Tengo por costumbre enviar a un grupo de amigos algunas de las noticias de última hora que Crónica Global publica a través de una de las redes sociales. Así sucedió ayer con la resolución del juzgado de Palma que ha tratado del caso Nóos. Conocida la decisión de dejar en libertad a Iñaki Urdangarin y Diego Torres sin fianza, procedí como de costumbre. Curiosamente, aunque ya tuve una experiencia similar cuando la Infanta Cristina de Borbón quedó absuelta de penas mayores y sólo afectada por una multa, tras mi mensaje de ayer recibí un aluvión de comentarios que oscilaban entre la airada protesta por la decisión judicial y la crítica ácida al funcionamiento de la justicia con determinados estamentos del país, la monarquía en concreto.
Hay cabreo mayúsculo por ver cómo se ha resuelto el caso que implica a unos representantes de la Casa Real. A continuación se producen toda suerte de comentarios sobre el desprestigio de uno de los poderes capitales del Estado. De poco sirvió que ayer mismo tanto Miguel Blesa como Rodrigo Rato, presidente de Caja Madrid y de su sucesora Bankia, respectivamente, resultaran condenados por el uso reprobable de las tarjetas black que la entidad ofrecía a su consejo de administración como una gratificación económica paralela y libre de cargas e impuestos.
El garantista sistema legal español tiene esas cosas. Un buen abogado encargado de una complicada defensa puede obtener múltiples fórmulas para minimizar la condena de su cliente. Y eso sucede a pesar de que la opinión publicada (los medios) y la opinión pública (quienes los consultan) ya hayan emitido su propia sentencia. En el caso de la infanta y de su marido, la unanimidad era clara en ambos grupos sociales: son culpables de aprovechamiento del cargo y de la posición institucional que desempeñaban en el momento de los hechos.
El garantista sistema legal español tiene esas cosas. Un buen abogado encargado de una complicada defensa puede obtener múltiples fórmulas para minimizar la condena de su cliente
La justicia, sin embargo, se rige por otros parámetros menos pasionales y emotivos. Las pruebas son las pruebas y las suposiciones o los rumores no cuentan. Toda España ha condenado al clan familiar de los Pujol y, sin embargo, ninguno de ellos ha pisado ni un calabozo ni una prisión. A excepción hecha de Oriol Pujol y su lío con las ITV de Cataluña, lo más probable es que ningún miembro de la familia del expresidente catalán sea condenado por nada de lo que se conoce hasta la fecha.

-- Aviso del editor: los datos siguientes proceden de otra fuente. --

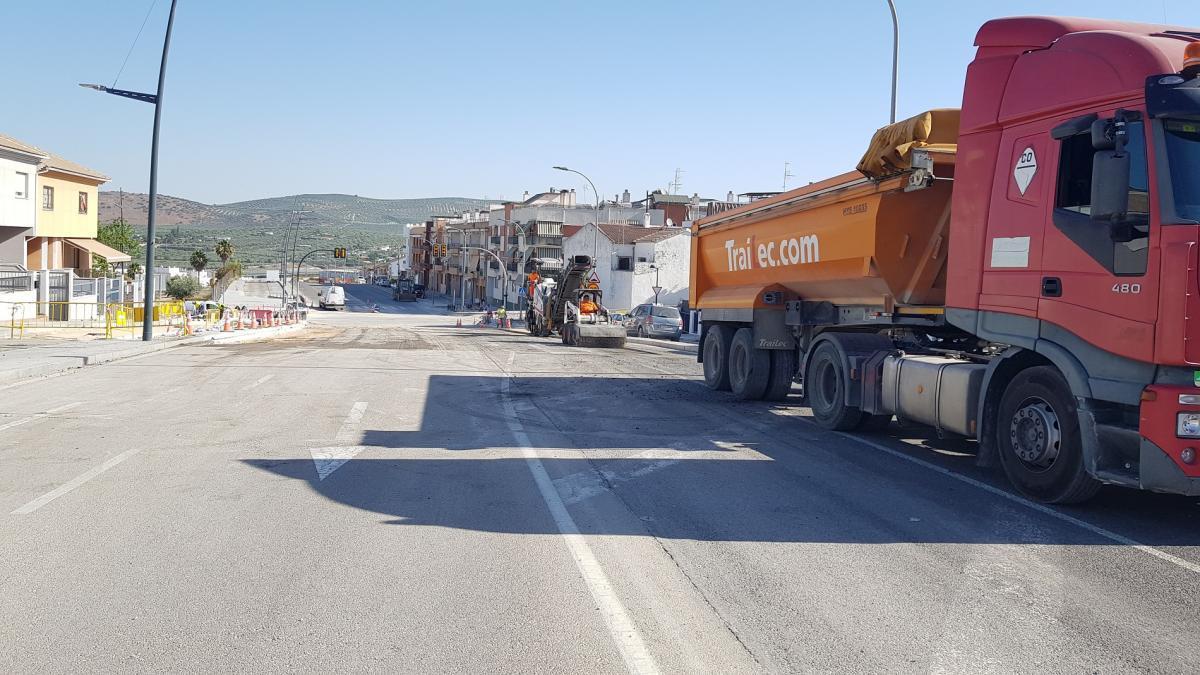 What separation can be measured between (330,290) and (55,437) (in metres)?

Eso será así no sólo por contar con una eficaz defensa, sino porque ningún magistrado ha podido demostrar hasta la fecha que los delitos que se les atribuyen fueran cometidos como la prensa ha narrado o como algunos opositores políticos han criticado. De lo que se conoce y se ha probado, los Pujol sólo cometieron una más que reprobable irregularidad fiscal (esconder su dinero en otros países para evitar tributar por ellos en España). Cuando El Mundo publicó el pantallazo sobre los fondos, la familia regularizó con Hacienda y pagó sus impuestos a velocidad de vértigo para evitar ser denunciados por delito fiscal. Se han quedado sin una parte considerable de lo que escondieron, pero nadie ha probado (ni fallado) que fueran delincuentes.

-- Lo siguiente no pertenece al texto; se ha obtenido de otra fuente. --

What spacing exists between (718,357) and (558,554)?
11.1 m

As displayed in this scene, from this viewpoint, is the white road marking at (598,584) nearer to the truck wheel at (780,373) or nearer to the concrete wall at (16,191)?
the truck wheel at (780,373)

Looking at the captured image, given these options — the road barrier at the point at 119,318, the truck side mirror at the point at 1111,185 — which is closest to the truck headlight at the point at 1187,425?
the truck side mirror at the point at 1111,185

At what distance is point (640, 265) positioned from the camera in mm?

La mayoría de la sociedad es reacia a comprender esos matices y sutilezas vinculadas al ejercicio de la ley. Por eso, cuando se conoce un nuevo caso de corte ético similar las quejas son mayúsculas. Cabe, no obstante, una observación al cabreo generalizado de los españoles con estos asuntos. Si has robado una gallina y te pillan, con pruebas o con irrefutables demostraciones, puedes acabar con tus huesos en la cárcel. Pero deberíamos entender, si mantenemos el símil, que muchos ladrones de gallinas tampoco acaban en prisión porque las pruebas son nada concluyentes y sus garantías ante la justicia prevalecen a las sospechas o a la opinión pública contaminada por el efecto gregario de los mass media.